Kanada, AS hingga Uni Eropa nyatakan prihatin konflik Myanmar

id konflik myanmar,konflik rakhine

Kanada, AS hingga Uni Eropa nyatakan prihatin konflik Myanmar

Pemimpin junta Myanmar, Jenderal Senior Min Aung Hlaing, menghadiri parade militer untuk memperingati 78 tahun angkatan bersenjata Myanmar di Naypyidaw, Myanmar, Senin (27/3/2023). ANTARA/Xinhua/Myo Kyaw Soe/am.

Washington (ANTARA) - Kanada, Amerika Serikat, Uni Eropa dan sekutu lainnya menyatakan keprihatinan mendalam atas meningkatnya kekerasan di Myanmar, menurut pernyataan bersama negara tersebut dirilis pada Jumat.

Departemen Luar Negeri Kanada menyebut Australia, Kanada, Uni Eropa, Korea Selatan, Selandia Baru, Norwegia, Swiss, Inggris, dan Amerika Serikat, sangat prihatin dengan peningkatan konflik di Myanmar dan khususnya dampak yang diderita oleh warga sipil.

Peningkatan konflik, menurut negara-negara tersebut, memperburuk dan merusak hak asasi manusia serta memperparah krisis kemanusiaan di seluruh negeri Myanmar. 

Pada Kamis (23/5), Perserikatan Bangsa-Bangsa mengatakan Mekanisme Investigasi Independen untuk Myanmar memantau dengan saksama eskalasi konflik di Negara Bagian Rakhine, pesisir barat Myanmar.

Pemantauan itu dijalankan PBB untuk menilai apakah kejahatan terhadap kemanusiaan dilakukan selama konflik di negara itu. Dalam pernyataan bersama mereka, negara-negara tersebut mengungkapkan keprihatinan mereka atas dugaan pembatasan pengiriman bantuan kemanusiaan dan meningkatnya jumlah korban sipil yang terbunuh oleh ranjau darat.

Selain itu kekhawatiran mereka terkait penerapan peraturan perundang-undangan 2010 oleh pemerintah militer, yang mereka yakini bertujuan untuk memecah belah masyarakat dan memicu kekerasan berbasis etnis di negara tersebut.

Menurut pernyataan itu, mereka menuntut harus adanya akuntabilitas atas kekejaman yang dilakukan di Myanmar. Selain itu, negara-negara harus mencegah atau menghentikan aliran senjata atau peralatan militer dan bahan kegunaan ganda, termasuk bahan bakar penerbangan ke militer Myanmar.
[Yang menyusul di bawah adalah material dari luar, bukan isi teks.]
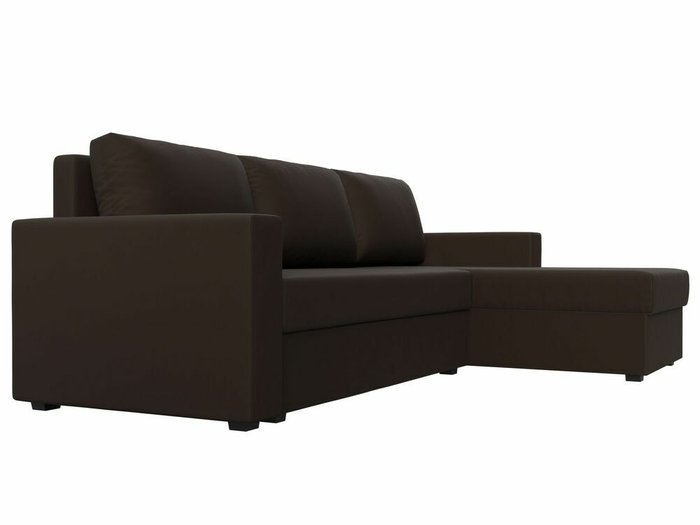 Угловой диван-кровать Траумберг Лайт коричневого цвета правый угол (экокожа) - лучшие Угловые диваны в INMYROOM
Baca juga: PM Bangladesh minta IOM cari sumber dana baru
Baca juga: ASEAN desak penghentian kekerasan konflik di Myanmar


Pada Februari 2021, militer merebut kekuasaan di Myanmar menggunakan mekanisme konstitusional untuk pengalihan kekuasaan dalam situasi darurat. Mereka menangkap pejabat pemerintah, menuduh mereka melakukan kecurangan dalam pemilihan umum, dan kemudian menunjuk pemerintahan baru. Namun, pengambilalihan militer memicu kerusuhan sipil besar-besaran yang mengakibatkan perlawanan bersenjata meluas.

Pihak oposisi membentuk pemerintahan alternatif bawah tanah yang terdiri dari persatuan nasional. Oposisi tersebut mencakup mantan anggota partai terkemuka Liga Nasional untuk Demokrasi serta perwakilan kekuatan politik etnis yang menyerukan konfrontasi aktif dengan pemerintah militer.